Ok, ok, esta na nossa natureza atavica se "embriagar". Afinal observamos varios animais na natureza ficando doidoes, fissurados por substancias inebriantes ou viciantes. Afinal, nao sou moralista ou censurador, vide o que escrevi aqui ha uns posts atras sobre o valor de sair do nosso estado natural as vezes. O problema nao eh a droga, mas como voce a administra. O problema eh a fuga, a muleta, o atalho, e principalmente a dependencia psicologica disso (que no meu ver eh pior que a quimica). 

Assim como as pessoas se condicionam a comer industralizados cheios de glutamato monossodico (os salgados) e acidulantes (os doces) e perdem a sensibilidade de apreciar os reais e sutis gostos da natureza, quem bebe muito perde muito a capacidade de lidar com o mundo de uma forma sutil e natural, de se embriagar com a beleza, com o amor, com a danca, a musica, a expressao, o sexo, enfim, com esse mundo que ja eh inebriante. Basta se exercitar a sensibilidade pra isso, e claro que o alcool esta no caminho oposto.
Alem disso, tem os exercicios pra relaxar, desinibir, ter mais atitude, se permitir. Eles deviam ser ensinados desde a escola primaria pras criancas. Mas nunca eh tarde. Todos nos podemos estimular, induzir naturalmente e auto-sugestionar determinadas ondas.

Uma vez me chamaram de "careta" por nao gostar de comportamentos viciosos. E na epoca nem tive disposicao de explicar que esse sentido pra palavra "careta" que eh uma das maiores caretices na minha opiniao. :) Pra mim careta eh quem se prende a tradicoes e padroes... como o de beber, custe o que custar, por exemplo.

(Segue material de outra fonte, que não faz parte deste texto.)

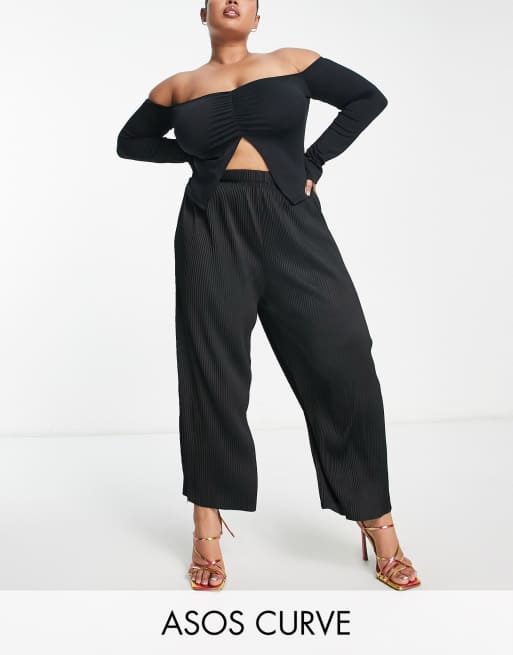 ASOS DESIGN Curve plisse culotte pants in black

segunda-feira, 7 de julho de 2008

per la fidanzata

Estava rolando pela Austria e os chocolates locais me tomaram de assalto, estupraram minhas narinas e raptaram minhas papilas. Me flagrei derretendo tudo de amargo garganta abaixo e pensando no amor; uma boa formula pra dulcificar a alma e absorver as saudades.

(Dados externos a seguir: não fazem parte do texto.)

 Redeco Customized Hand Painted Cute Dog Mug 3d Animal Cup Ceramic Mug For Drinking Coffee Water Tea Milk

Nesse doce transe, paralelei sobre o equilibrio de opostos: assim como o segredo do chocolate eh o amargo do caroco torrado do cacau com o contraste do balsamo do acucar, a saudade eh fascinante porque eh a arida falta no mesmo lugar que a aconchegante lembranca. Romeu e julieta.

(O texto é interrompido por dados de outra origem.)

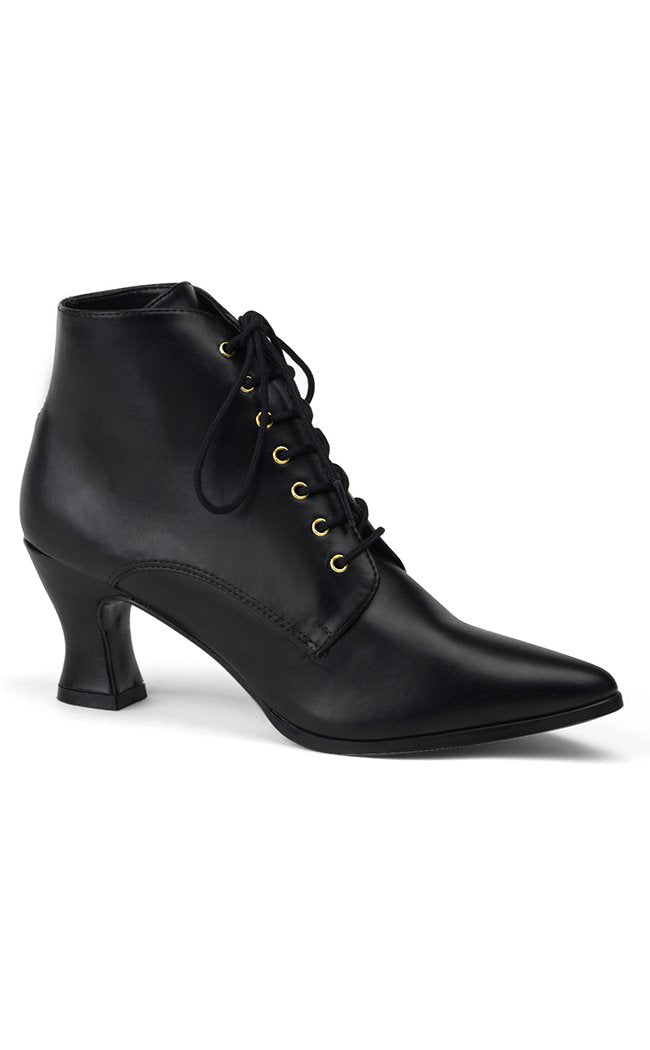 VICTORIAN-35 Blk Pu Boots-Funtasma-Tragic Beautiful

Entao mergulhei em aguas mais profundas e tudo ao redor parecia irreal e real (melhor dizendo, um novo mundo abstrato e nobre). Senti uma forca fluida que me envolvia totalmente e me deixava mais leve, percorrendo meu corpo como endorfina na corrente sanguinea e me causando uma sensacao assustadora: a de confrontar com um mundo ao mesmo tempo familiar e complexamente novo. Como o segredo do chocolate.

Enquanto flutuava, um calafrio desde o coccix ate a nuca me fez espirrar e uma pedrinha branca  saiu da minha boca. Como uma semente flutuante, bem diante do meu rosto comecou a crescer rapidamente e se tornou uma especie de alga cheia de tentaculos, que se enrolaram rapidamente por todo meu corpo. Senti milhares de prazerosas espetadinhas que me fizeram sentir verde. Agora estou clorofilado, pensei, e sou parte da natureza enfim. O frio, calor , medo e conforto ao mesmo tempo me deixavam perplexo e anestesiado. Tudo que podia fazer era relaxar e finalmente me entregar a meus instintos, deixando que tudo aquilo penentrasse sem reservas nas minhas visceras. Fechando os olhos, uma luz laranja-quente quase me ofuscava e eu me lembro de ter pensado: como estou conseguindo respirar normalmente nessa profundidade?

Tudo isso sendo levado pela corrente, suave, constante e segura. De repente percebi que minhas maos estavam todo esse tempo fechadas, e os cristais continuavam crescendo nas minhas palmas.